▶ Prompt
Nothing but the lines from the one containing "Alfa Romeo Junior" through the last line of the data below should be returned, each exactly as it stands, pictures excluded.

Input data below:

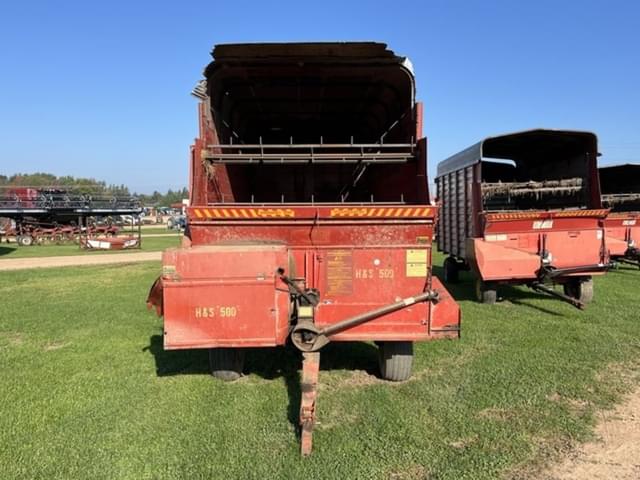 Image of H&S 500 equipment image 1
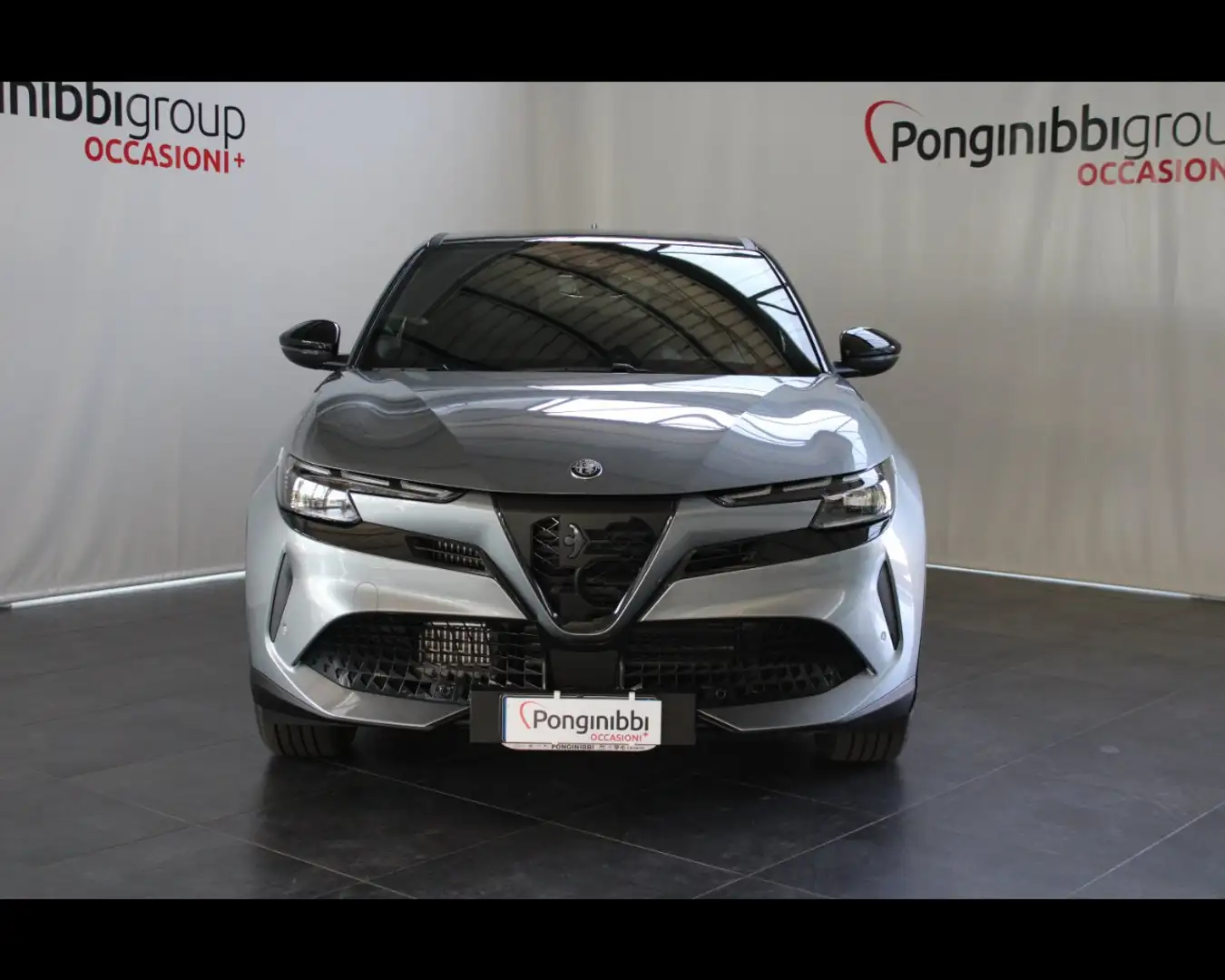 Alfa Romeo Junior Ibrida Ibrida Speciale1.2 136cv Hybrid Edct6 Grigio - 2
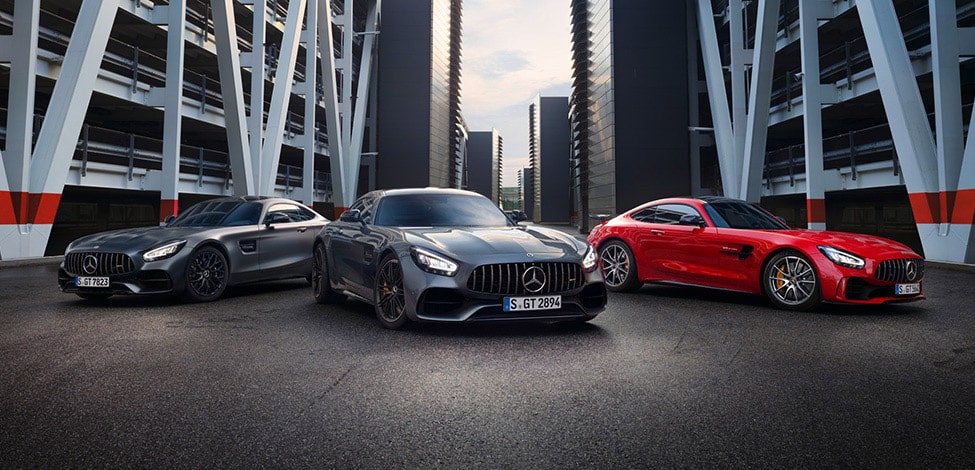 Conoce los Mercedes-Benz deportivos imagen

End of Input data.

▶ Task result
 Alfa Romeo Junior Ibrida Ibrida Speciale1.2 136cv Hybrid Edct6 Grigio - 2
 Conoce los Mercedes-Benz deportivos imagen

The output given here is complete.